One honest caveat: multiples compress fast without proof. “We use AI” is worthless. No one’s going to buy based off empty promises. They will check. They will look behind the curtain at how much revenue, recurring revenue, repeated revenue, churn, documented lift, repeatable results, and defensible data assets are what hold the multiple. Which is exactly what the previous section is about. The less you have, the less your valuation will be impacted.

What It Actually Takes

This is where most owners check out. So let’s be direct about the cost.

You’ll spend roughly $100K to build, test, and pilot something real. You’ll run unpaid or deeply discounted early clients to prove it works. You will not be profitable on client one in month one. Your P&L will look worse before it looks better, and your CFO will have opinions about it.

You also have to get close enough to a software business model to matter — which means thinking about customer acquisition cost differently, accepting longer payback periods, and funding the gap between build and commercial scale.

This is not a weekend project. It takes a shift in mindset, it requires moving on from needing to be profitable in the first month mindset. It may require team change management and will transform how you propose and vet clients over a year or more. And yes, you have to deal with the general bullshit of building a product, vs a service.

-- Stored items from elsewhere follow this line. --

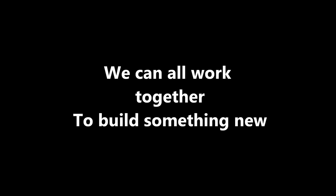To find our own future with you at my side, we can all work together to build something new. I know you can see it, let's make it come true.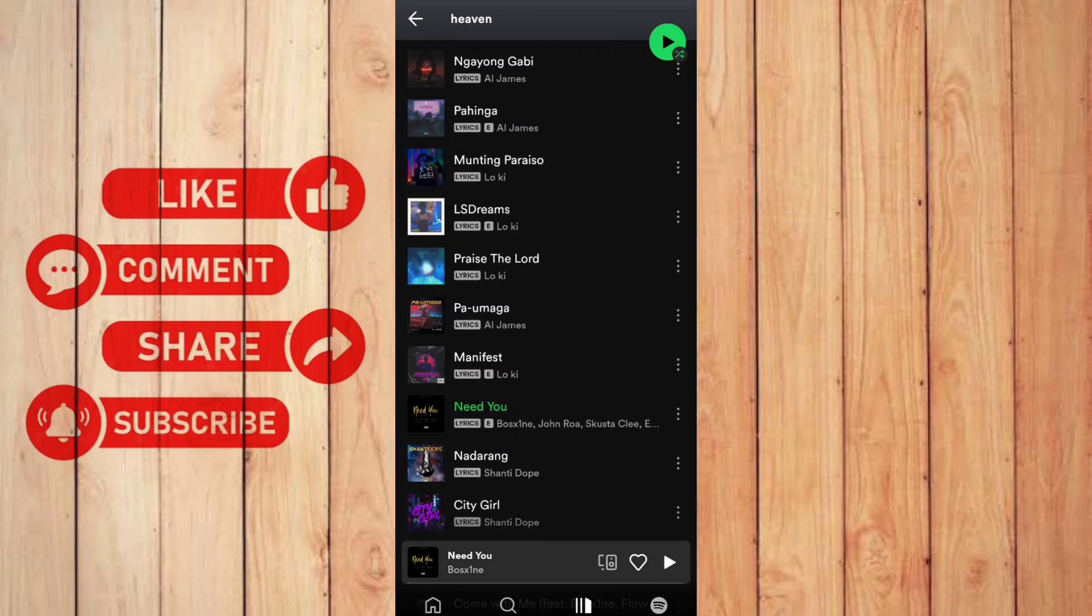Actually, right now, I don't have any music here in my playlist that is unavailable.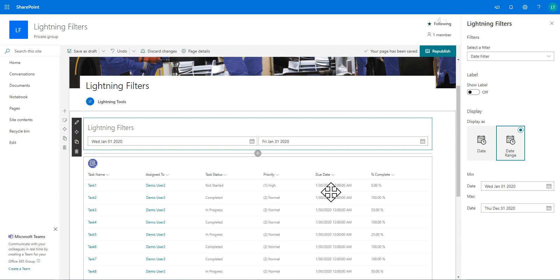So feel free to download this product and you can start using it against some of the custom web parts that you develop. Or, of course, you can also use it with the lightning conductor if you own a license of the lightning conductor. Many thanks.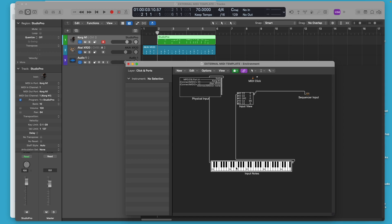To what you might call an on-screen keyboard that just shows you, it's an input note. So it shows you what notes are being played and it allows you to click on different notes there too. This is really just a MIDI monitor.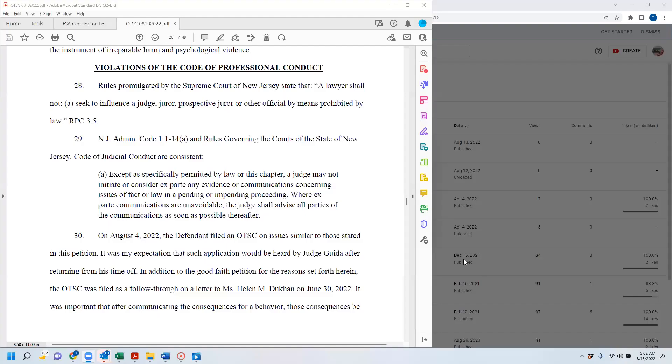Okay, I guess we're talking about the next section, which is the violations of the Code of Professional Conduct, and just to read along there.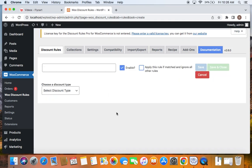Before we get into the rule configuration, let us first deal with the scenario that we're trying to accomplish in this video. Since this is the discount using a coupon code, we're going to offer 10% on all products only if customers enter a specific coupon and the coupon name is going to be Deluxe.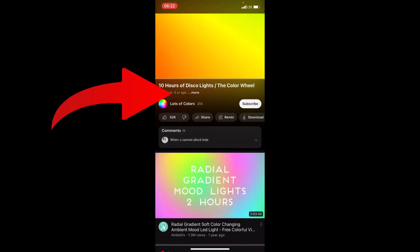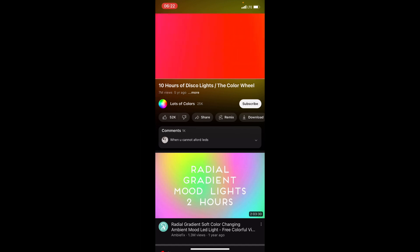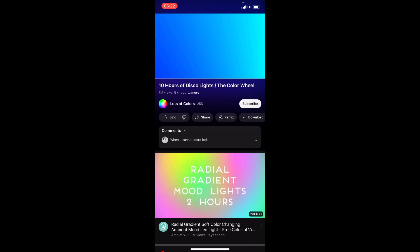Now we have a gradient glow near the video window. Guys, I hope it was useful for you. If it was, please like, comment, and subscribe. Goodbye!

But here’s what’s on the other side of that: clients who built targeting methods so distinct they patented them. One-to-one personalization that doesn’t require a human in the loop to execute. One client saw 4,300% ROI on their spend. That’s not a typo, and it’s not an outlier — it’s what happens when a system that actually works gets to scale.

The Choice

The services providers that figure this out in the next two years will be worth materially more than the ones that don’t.

The ones that don’t will be competing on price against a $50/month subscription.

If you’ve built a system, you can productize it. If you can productize it, you can scale it. If you can scale it, you can sell it — at a multiple that reflects what it actually is.

That’s the exit. That’s the valuation story. That’s how you stop surviving the AI era and start building something worth selling.